BEGIN

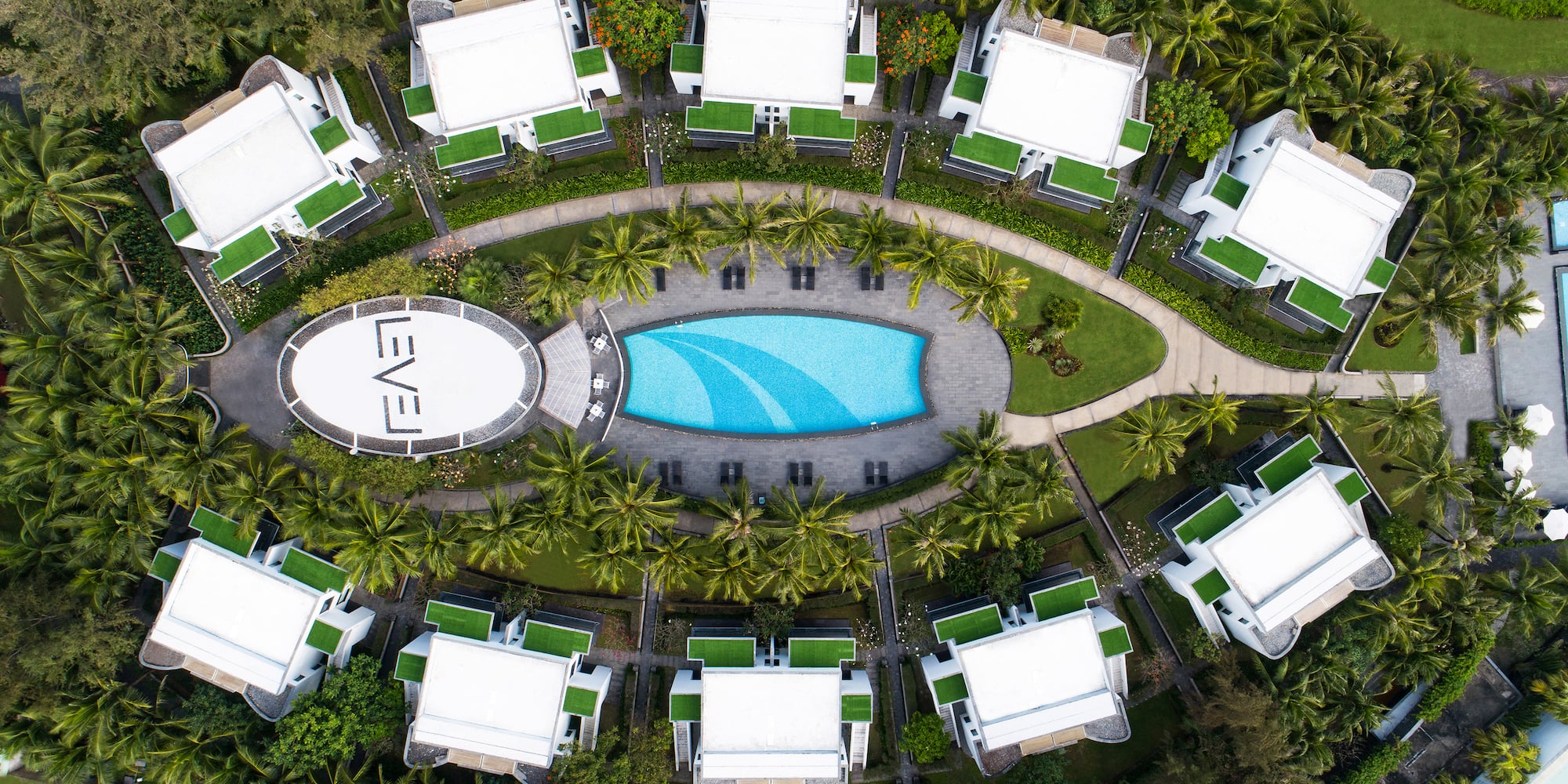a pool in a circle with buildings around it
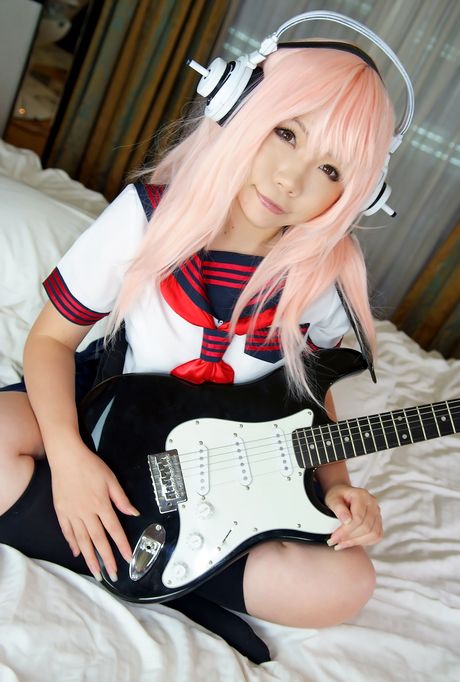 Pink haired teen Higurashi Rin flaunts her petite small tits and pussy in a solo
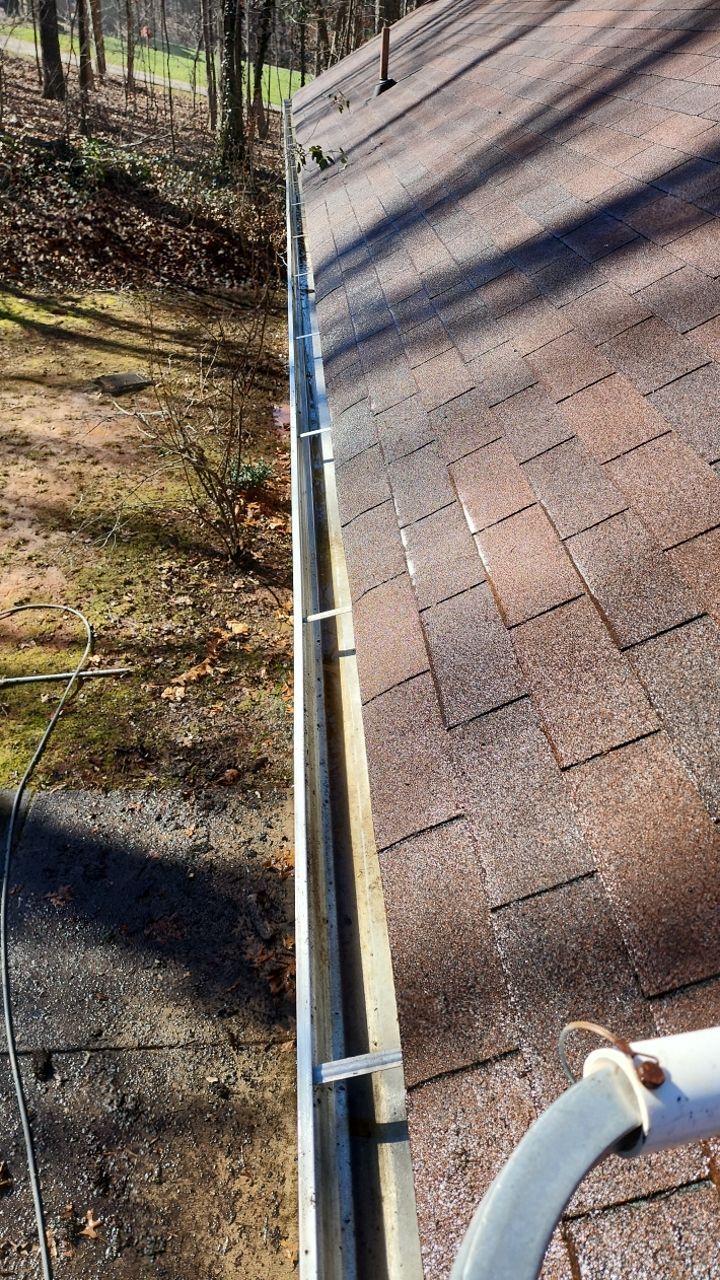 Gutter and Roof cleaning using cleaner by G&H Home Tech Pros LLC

END
BEGIN

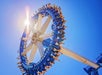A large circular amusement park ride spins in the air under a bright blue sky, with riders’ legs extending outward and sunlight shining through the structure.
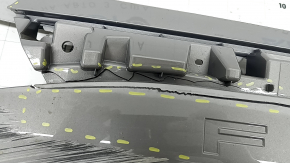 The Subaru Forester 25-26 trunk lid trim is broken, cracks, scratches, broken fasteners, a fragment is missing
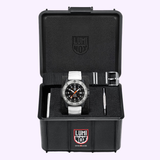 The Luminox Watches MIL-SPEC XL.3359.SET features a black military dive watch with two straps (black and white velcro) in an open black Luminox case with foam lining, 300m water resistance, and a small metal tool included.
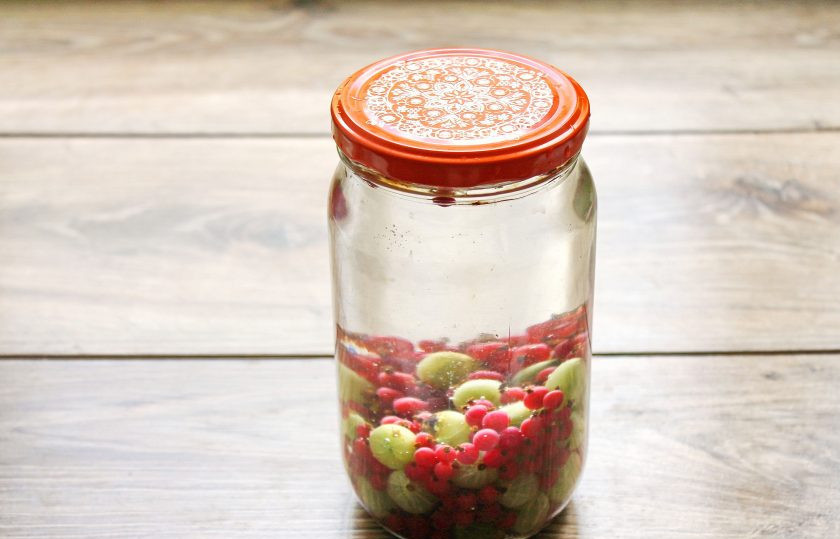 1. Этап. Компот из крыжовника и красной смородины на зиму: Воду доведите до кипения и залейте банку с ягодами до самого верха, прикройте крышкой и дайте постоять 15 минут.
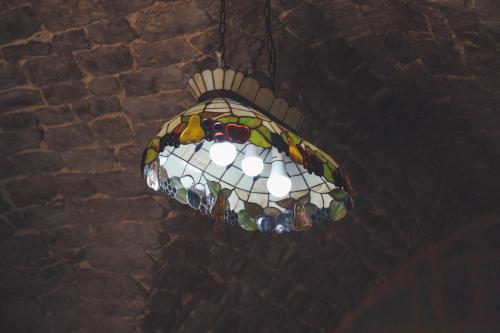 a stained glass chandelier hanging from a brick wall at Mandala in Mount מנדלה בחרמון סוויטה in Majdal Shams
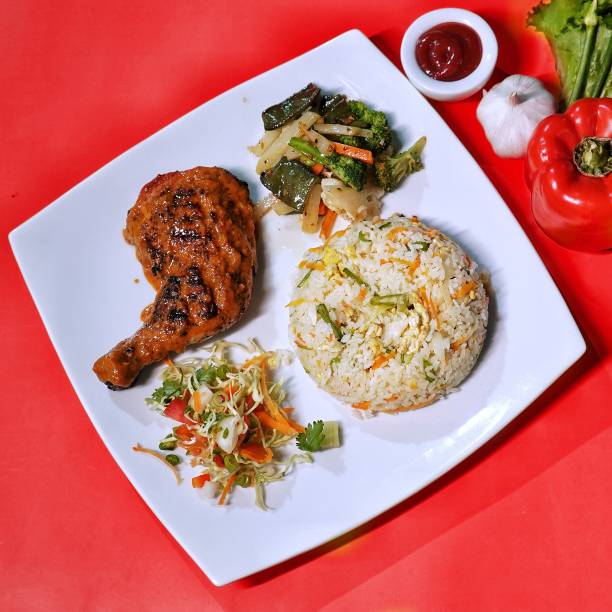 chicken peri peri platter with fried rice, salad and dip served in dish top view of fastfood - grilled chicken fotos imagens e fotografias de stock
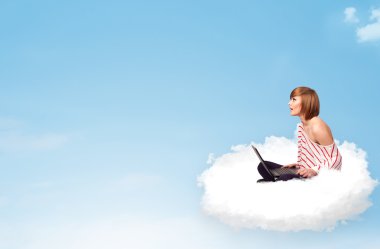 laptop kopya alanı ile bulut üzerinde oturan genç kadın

END

— THE TASK —
Although pictures appear among the entries, please set down only the lines from the one with "1. Этап. Компот" up to and including the one with "a stained glass", word for word.

— SOLVED EXERCISE —
 1. Этап. Компот из крыжовника и красной смородины на зиму: Воду доведите до кипения и залейте банку с ягодами до самого верха, прикройте крышкой и дайте постоять 15 минут.
 a stained glass chandelier hanging from a brick wall at Mandala in Mount מנדלה בחרמון סוויטה in Majdal Shams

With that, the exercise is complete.